Readers’ Comments on Sentinel Poetry (Online) #42
I just finished reading May’s issue of Sentinel: very nice job, indeed! I really admire the choice of artwork for the magazine, a component that is too often either neglected by editors altogether, or they refuse to attend to a correlation between the art and the poetry. You’ve managed to incorporate both seamlessly, and for this I commend you. What is the sculpture on the front page? It is amazingly intricate.
Your editorial this month had, I think, an important point to make. I agree with your belief that too many poets are lacking the ability and/or sensibility to incorporate biting and scathing criticism into their writing (a quality integral to the poet in this “PoMo” world) without churning out pure propaganda, and losing the poetics of the piece. In many ways it is the infrastructure of our society that enables or inhibits this possibility. Government grants, for example, while candy to many writers, are handed to the poet by a perfect stranger to poetry; they are a mixed blessing that allows for a plethora of poetry (great!), but with little concern for its style and form (unfortunate!). Politics and poetry are strange bedmates, but bedmates nevertheless: it is the poet’s responsibility to not only challenge the alpha male of government, but to do so with a style and grace that will leave its tongue lolling on the floor.

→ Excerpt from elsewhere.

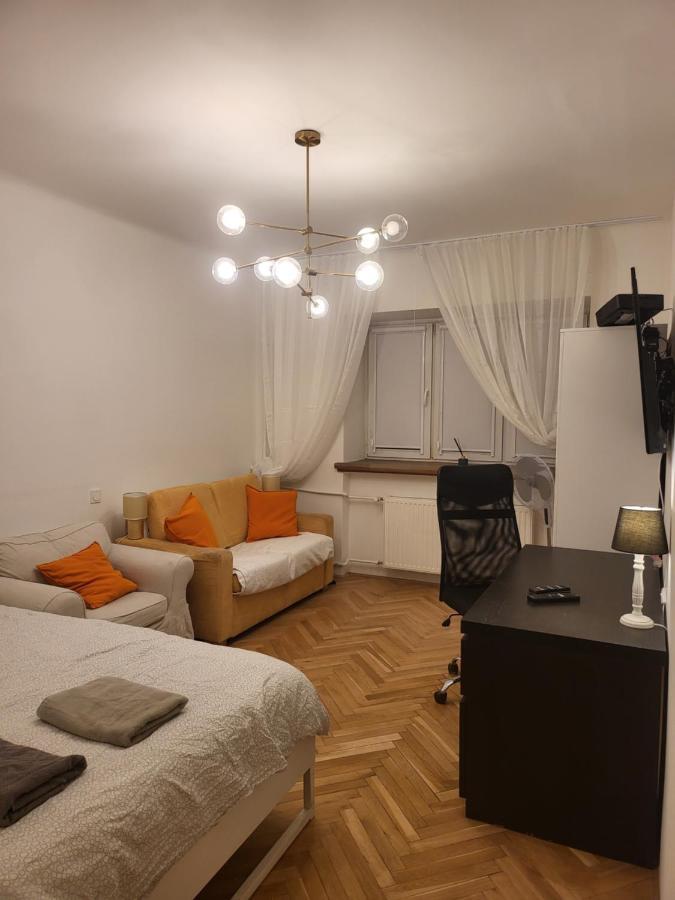 Studio Zelazna - Near Old Town Apartment *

As you mention Baraka’s poem, I think his main fault as laureate was that he took his job as public critic more seriously than his job as poet. Style and grace were put on the backburner, and the message took precedence. Granted, Baraka’s aim was to reach the largest audience possible, and to shock the hell out of them. The quality of his writing tells me that he has little faith in the reading ability of his audience, which I find rather alarming. I don't believe that poetry is meant only to be written, as I'm sure you agree, but I wonder if we are too ready to sacrifice quality for readership?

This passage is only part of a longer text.